Even people who don’t drink wine like a little sparkle on a holiday. Bubbles feel celebratory and festive and are perfect for a big holiday like Thanksgiving. There are so many delicious bubbles to choose from, from champagne to cava to prosecco to Lambrusco, and the possibilities are immense. And contrary to popular opinion, sparkling wines needn’t be expensive to be good. There are plenty of absolutely delicious sparkling wines for less than $30.

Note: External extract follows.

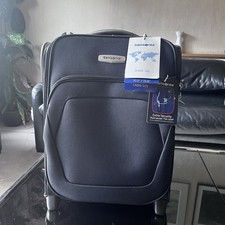 Samsonite Spark SNG Underseater USB 28L Cabin Luggage Black – New with Tags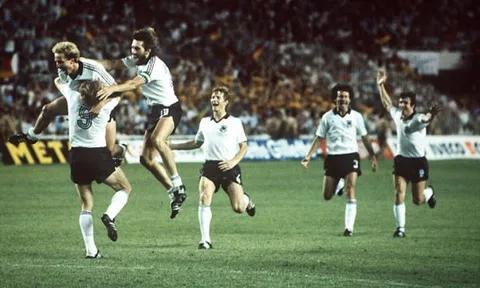 Bán kết Tây Đức – Pháp (Espana 1982): Trận đại chiến không dành cho kẻ yếu tim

When looking for a bottle to pair with dinner, light and fruity options are the best for rich Thanksgiving dishes. We love a sparkling rosé. The acidic notes will balance and complement the heavier, savory dishes of the day. Extremely dry or Brut bottles won’t balance the richness quite as well.

Wine and decanter
Geoff Parsons/Flickr

Store and decant properly

Too often, little or no care is put into serving wine apart from pulling it from some pantry shelf and rifling through the crowded junk drawer for a corkscrew. It doesn’t take a lot of extra planning or effort to serve wine the right way, and the tiny extra efforts of decanting and/or chilling properly will pay off in big ways.

Storing wine

To store wine properly, there’s no need for a fancy wine cellar, but be careful not to place your bottles next to a hot oven or outside in the sun. Try to hold all bottles at or around 55 degrees in a dark place like a pantry or cupboard.

Decanting wine

Decanting wine is essential for a few reasons. Firstly, it separates the liquid from the natural sediments that have settled inside the bottle. More importantly, it will enhance the flavor by oxygenating the wine, allowing it to breathe and show off its best self.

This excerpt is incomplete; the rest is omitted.